What can business history tell us about regulation and business responsibility?

The Purpose Of Business

Looking at business history gives an interesting perspective. The idea that businesses are only there for the benefit of shareholders (see here) is not the only view that exists by a long way. One set of people who had a different view were the Quaker business people of the 19th century. The Quakers are a modestly sized Christian group. Richard Nixon was of Quaker heritage but he isn’t necessarily the perfect poster child.

The Quakers were major players in the English business scene. They also had notable strength in nineteenth-century US business. The list of names of businesses associated with the Quakers are impressive. The Quakers built a great brand for their business dealings. Integrity was central to the idea of a Quaker business. Quaker Oats illustrates how strong the brand was. Interestingly, the founders of this business were not Quakers. Still, the owners thought taking the name would associate the brand with the Quaker’s positive qualities.

The List Of Quaker Businesses Is Impressive

Probably the most famous Quaker business person was George Cadbury — of chocolate fame. (The Quakers are massively over-represented in UK confectionery). He seems to have developed an early form of CSR (Corporate Social Responsibility). Indeed, he might have thought it odd to seek solely to increase funds for the owners.

Cadbury’s approach seems to see how far the business could sustain the improvements in the lot of stakeholders — illustrated in the donation of the Bournville to the village trust.

Fincham, 2019, page 54


There has been pushback on the idea of business for good.

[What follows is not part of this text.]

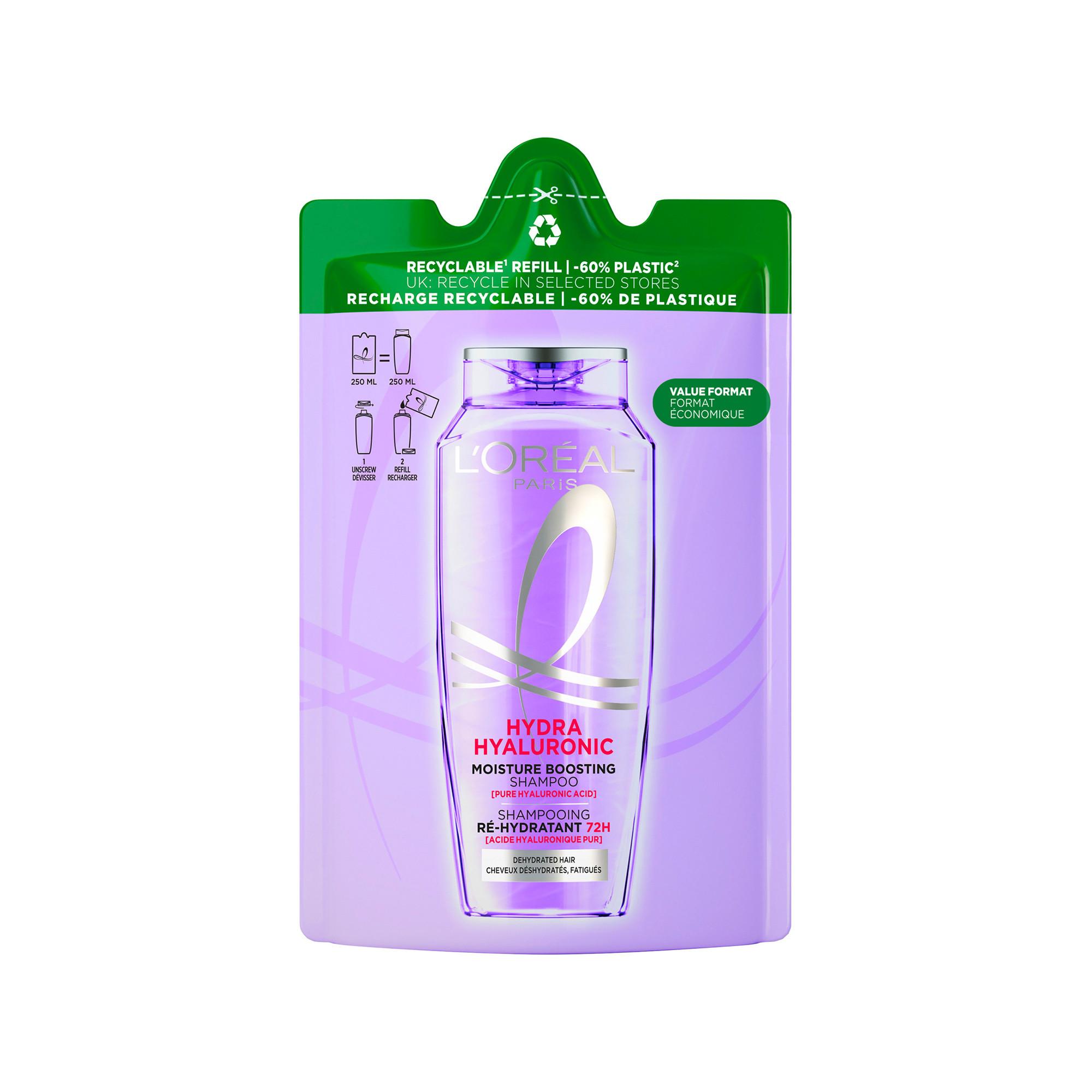 ELSEVE Hydra [Hyaluronic] 72H Recharge de shampooing hydratant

If you compare working conditions against modern laws then all nineteenth-century conditions left a lot to be desired. That said, I would worry less about that comparison. The explicit intention was the elevate the conditions of the workers. At the time working conditions were pretty awful and the Quaker plans represented progress (not an end state we should aspire to). It seems reasonable to conclude that many of the business owners were genuine in their desire to improve the world and would probably celebrate that we have made further progress since. They seem to have felt that business could be a force for good.


History also shows us why we need to regulate business. Regulation and business responsibility aren’t competitors but go hand in hand. While in an ideal world firms might do the right thing all the time this seems too much to hope. Human beings, and their organizations, aren’t always perfect.

Furthermore, the idea that consumers will punish firms doing the wrong thing has at least three limitations.

Firstly, the consumers need to know about the problem. This isn’t always the case. Consumers buy a lot of different things. Who really expects consumers to know everything about their purchases even if they do genuinely care?

Secondly, consumers need to care. Consumers buying a product might not be impacted by bad business practices. In which case sometimes they won’t be sufficiently concerned to pressure for change that is vital for the other people who are impacted.

The third problem is neatly illustrated by the story of the “Bradford Sweets Poisoning of 1858, in which 21 died after eating humbugs in which arsenic have been mistakenly used as a sugar substitute” (Fincham, 2019, page 49). There is a problem if the consequences are so dramatic that the consumers can’t just say, ‘well we won’t buy from you again’, when a firm acts badly.

Regulation And Business Responsibility

There is much to learn from history including why we need regulation. One of the reasons we don’t have arsenic in our sweets is because we learned from previous disasters. The past also illustrates many problems. The Quaker business approach to women — dismissing them upon marriage — was hardly great. The same volume that the author, Fincham, was writing in notes a lack of enthusiasm from some Quaker businesspeople in fighting child labor. Furthermore, some of the Quaker businesspeople opposed slavery but failed to follow through on their convictions when they were lauding Thomas Jefferson. These are glaring errors.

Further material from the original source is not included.